*** Opening of Input data ***

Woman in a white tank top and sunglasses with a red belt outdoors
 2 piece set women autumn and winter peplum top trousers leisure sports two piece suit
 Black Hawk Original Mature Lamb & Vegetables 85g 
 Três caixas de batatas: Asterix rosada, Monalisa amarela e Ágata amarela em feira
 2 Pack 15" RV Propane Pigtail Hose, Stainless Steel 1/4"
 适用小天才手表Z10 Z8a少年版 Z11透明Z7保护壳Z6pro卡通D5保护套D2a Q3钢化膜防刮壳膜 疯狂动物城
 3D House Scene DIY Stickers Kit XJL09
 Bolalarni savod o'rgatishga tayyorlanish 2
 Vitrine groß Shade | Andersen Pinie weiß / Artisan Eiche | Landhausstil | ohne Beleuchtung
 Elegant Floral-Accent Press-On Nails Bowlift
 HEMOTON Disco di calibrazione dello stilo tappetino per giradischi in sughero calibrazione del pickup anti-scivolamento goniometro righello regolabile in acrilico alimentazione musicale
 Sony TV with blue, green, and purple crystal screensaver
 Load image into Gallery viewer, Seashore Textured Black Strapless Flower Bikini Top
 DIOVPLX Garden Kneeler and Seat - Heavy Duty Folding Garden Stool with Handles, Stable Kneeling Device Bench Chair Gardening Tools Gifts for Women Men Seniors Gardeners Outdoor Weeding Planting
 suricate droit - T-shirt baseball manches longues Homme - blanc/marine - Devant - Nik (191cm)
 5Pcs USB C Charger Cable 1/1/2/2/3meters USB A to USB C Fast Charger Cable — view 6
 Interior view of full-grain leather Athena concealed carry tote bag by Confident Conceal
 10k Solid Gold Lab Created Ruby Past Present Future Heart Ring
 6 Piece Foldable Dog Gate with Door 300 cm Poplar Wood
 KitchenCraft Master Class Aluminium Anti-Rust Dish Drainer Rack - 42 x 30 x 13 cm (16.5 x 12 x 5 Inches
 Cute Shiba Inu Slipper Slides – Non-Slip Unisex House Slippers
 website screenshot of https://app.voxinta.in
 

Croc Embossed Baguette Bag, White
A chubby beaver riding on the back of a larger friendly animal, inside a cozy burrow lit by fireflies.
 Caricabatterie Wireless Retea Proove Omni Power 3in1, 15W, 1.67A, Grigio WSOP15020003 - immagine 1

*** Close of Input data ***

The task: Repeat word for word the lines above that run from the line containing "RV Propane Pigtail" through the line containing "Bolalarni savod o'rgatishga tayyorlanish 2", both ends included, and nothing else.

Answer to the problem:
 2 Pack 15" RV Propane Pigtail Hose, Stainless Steel 1/4"
 适用小天才手表Z10 Z8a少年版 Z11透明Z7保护壳Z6pro卡通D5保护套D2a Q3钢化膜防刮壳膜 疯狂动物城
 3D House Scene DIY Stickers Kit XJL09
 Bolalarni savod o'rgatishga tayyorlanish 2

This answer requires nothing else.